Марина крепко-крепко обняла Юльку, и они на пару всхлипывая еще долго сидели, баюкая друг друга в объятьях и потихоньку успокаиваясь. Потом Юлька посмотрела на Марину и вдруг прыснула со смеха. И действительно, было над чем посмеяться: у обеих лица красные, опухшие, носы хлюпают как у простуженных пингвинов. Те еще красотки, одним словом. Они дружно отправились в ванную приводить себя в порядок под холодной водой, потом Юлька еще немного посидела на гостеприимной Марининой кухне, выпила черного кофе по-турецки и уехала домой. Уже почти засыпая, до Марины вдруг дошло, что сегодня ее подруга сделала для нее то, что она в свое время сделала для Васи — заставила хотеть жить. Жить несмотря ни на что.
* * *
Потихоньку в город вползала весна. В этом году она была какая-то вялая, ленивая. Ручьи то шустро бежали по улицам, то вновь застывали в ледяные корочки, сосульки на крышах выросли просто гигантских размеров, и никто не сбивал их вниз. Будто никому своих затылков не жалко, или все поголовно в касках ходят. Да и снег временами принимался идти так интенсивно, словно ему было еще лежать и лежать в сугробах на московских газонах.

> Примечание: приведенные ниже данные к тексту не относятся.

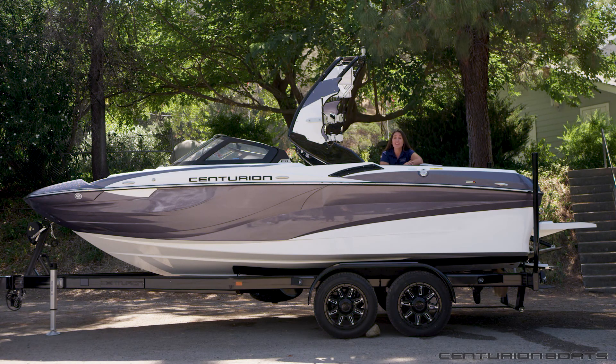So that's the walkthrough on the 2018 Centurion Fi21. We didn't cover every little detail in the boat, so you have plenty of reasons to go visit your local Centurion Boats dealer and check out the Fi21 for yourself today.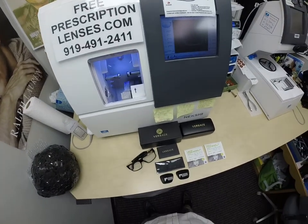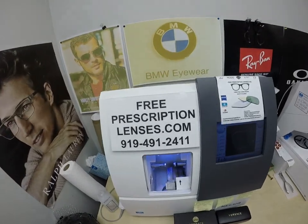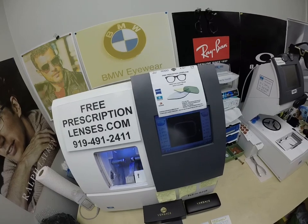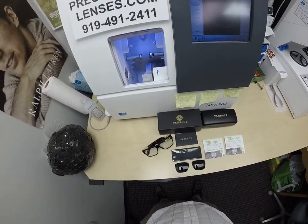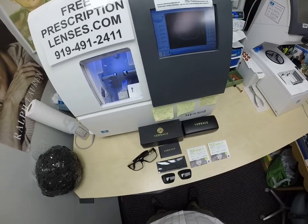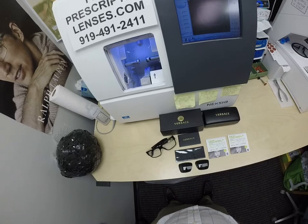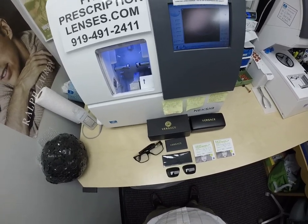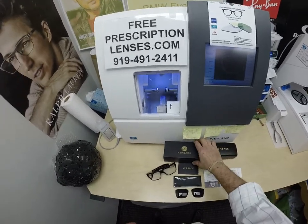Hello everyone, and a very special thank you to Will in Clear Springs, Maryland. This is freeprescriptionlenses.com, where everyone loves a bargain and no one is disappointed with quality. Will's making sure that I am the hardest working optician in the industry. My name is C. More Better, but call me Mo Better, because I'm going to show everyone Will's fourth pair of glasses in one month.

Марина почти совсем оправилась, если говорить о ее физическом состоянии. Она даже потихоньку снова начала заниматься фитнессом, на всякий случай предупредив тренера о своих проблемах. Теперь она тренировалась по облегченной программе, но уже недельки через три могла бы и перейти к обычной нагрузке. Если в первый месяц после выписки из больницы ее шатало из стороны в сторону, и ей приходилось каждые десять минут садиться и отдыхать, то сейчас она чувствовала себя вполне сносно. По крайней мере, унизительное чувство беспомощности, ощущение, что она — большая дохлая курица, ушло бесследно. Единственное, что напоминало ей обо всем случившемся — это шрам на животе, да боли, как при месячных, только сильнее, подчас настигающие ее в самое неподходящее время и в самых неподходящих ситуациях. Участковый гинеколог сказал ей, что такое бывает после подобных операций, хотя и нечасто, и ничего страшного в этом нет. Посоветовал пить болеутоляющие и спазмолитики вроде Но-шпы. Ему-то хорошо: «ничего страшного в этом нет»! Его бы, гада, так хоть разочек скрутило, вот она бы на него полюбовалась, как ему анальгин помогать будет!
Что же касалось ее душевного состояния, то здесь все обстояло куда сложнее. После разговора с Юлькой Марина решила, что справится с тем, что на нее навалилось, не даст депрессии засосать себя в свои сети. И эта уверенность действительно некоторое время помогала ей держать свои чувства в узде, под надежным контролем. Все шло очень даже неплохо, пока Марина не замечала поблизости от себя чужих детей. Тут ее переклинивало так, что попадись она в эти моменты в руки какому-нибудь психоаналитику, материала для докторской диссертации у того было бы, хоть отбавляй.
Сначала ее безумно тянуло к ним, таким маленьким, крошечным, беззащитным, и Марина едва сдерживала себя, чтобы прямо на улице не подойти к чьей-нибудь коляске и не погладить чужого ребенка. Потом ее душу стала захлестывать волна черной зависти к их родителям, и она могла часами вглядываться издалека в их лица. Чем они лучше, что им дали детей, а ей нет? И у бомжей дети есть, и у пьяниц, и даже у наркоманов. А она что, хуже даже, чем они? Или это кара за то, как она обошлась с матерью и сестрой? Но ведь они первые это начали, она же не виновата! Или сверху этого не видно? Есть ли справедливость на этом свете? И для кого?